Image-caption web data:
►

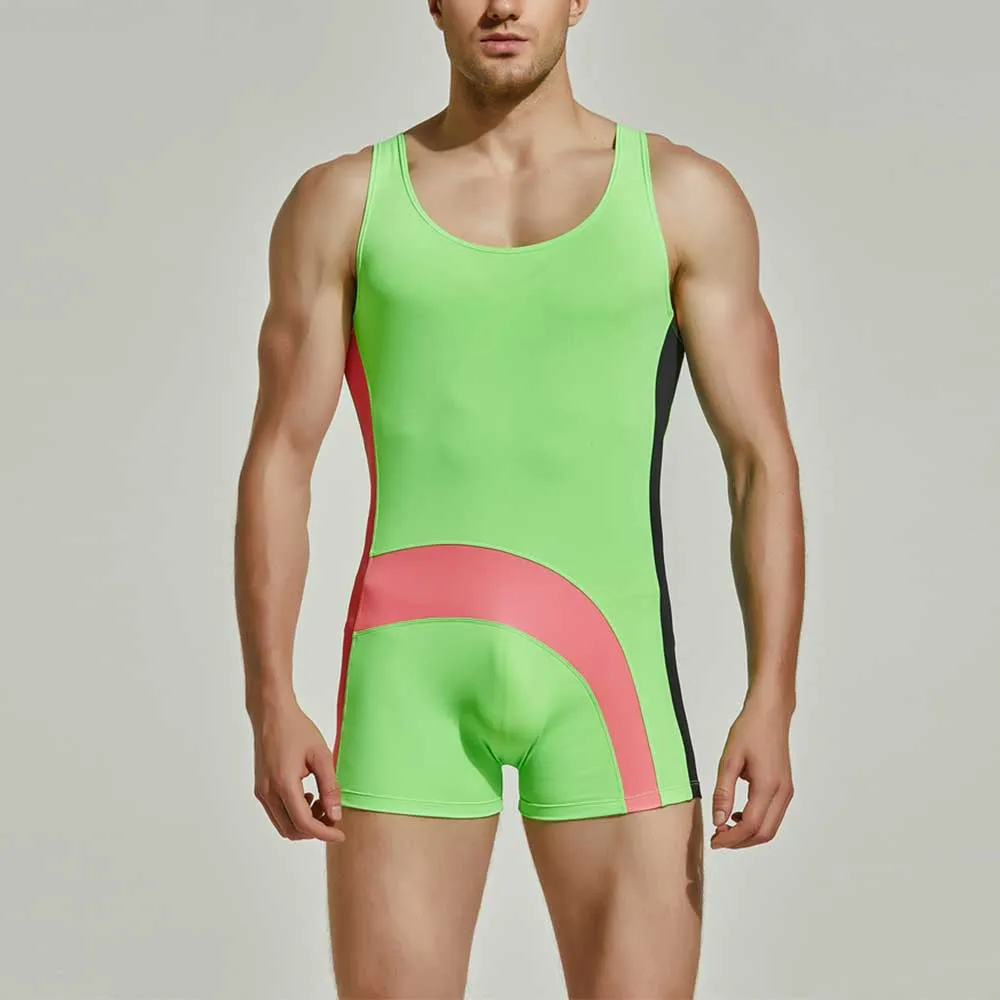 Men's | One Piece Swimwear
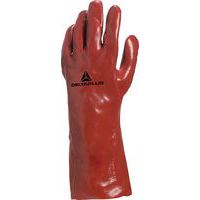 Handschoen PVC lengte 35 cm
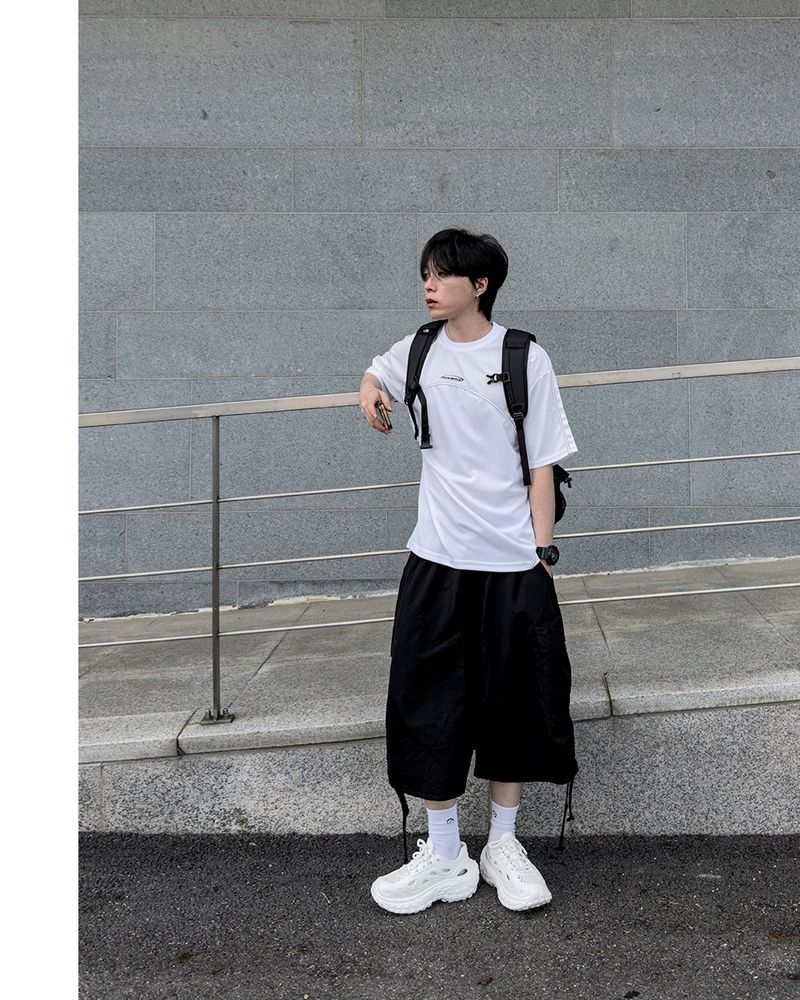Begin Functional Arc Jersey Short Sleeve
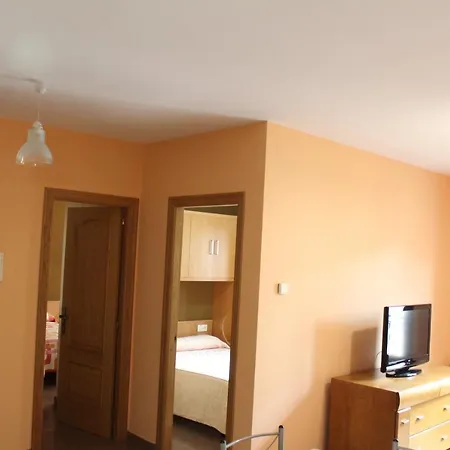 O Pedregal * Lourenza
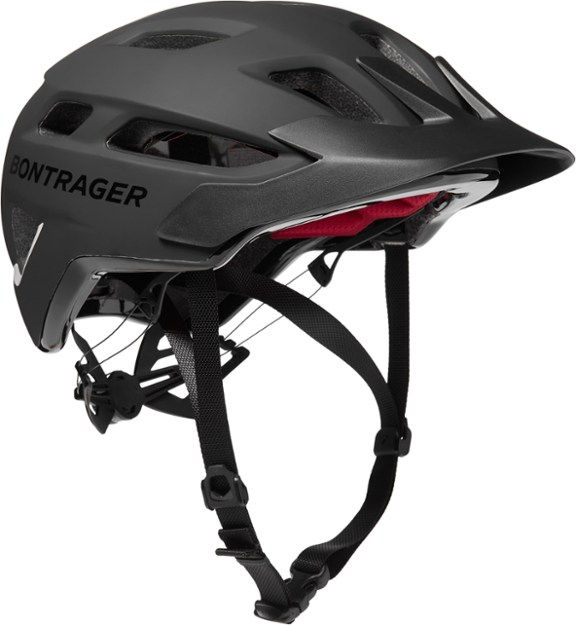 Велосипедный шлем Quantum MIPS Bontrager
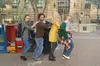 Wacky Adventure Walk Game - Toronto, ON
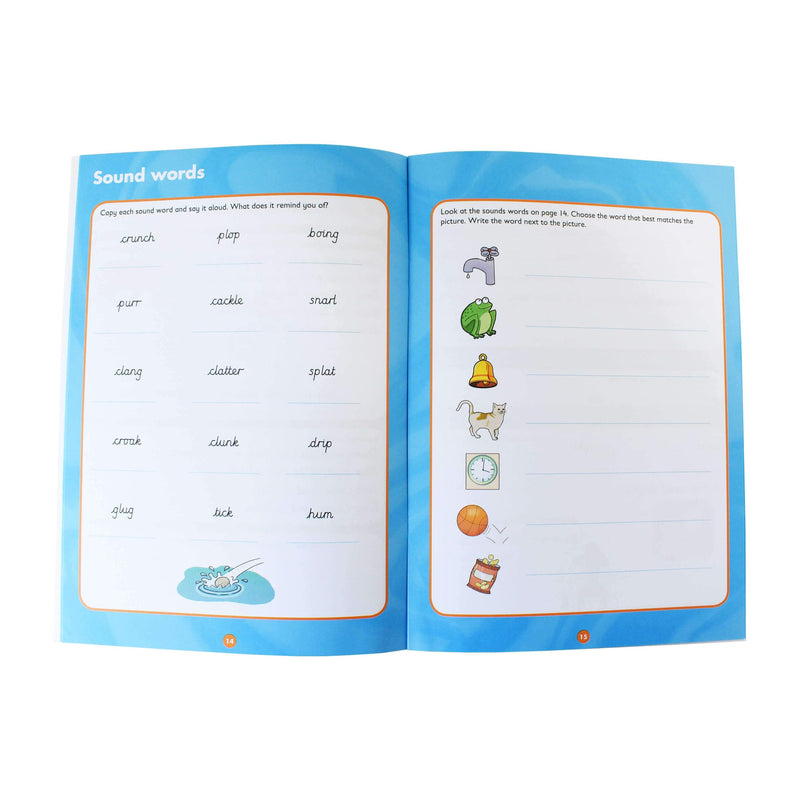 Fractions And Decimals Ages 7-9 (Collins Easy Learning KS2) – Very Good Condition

◄

TASK BRIEF =>
With the pictures left out, copy exactly the lines from the one containing "O Pedregal * Lourenza" through the last line of the data.

ANSWER TO THIS PROBLEM =>
 O Pedregal * Lourenza
 Велосипедный шлем Quantum MIPS Bontrager
 Wacky Adventure Walk Game - Toronto, ON
 Fractions And Decimals Ages 7-9 (Collins Easy Learning KS2) – Very Good Condition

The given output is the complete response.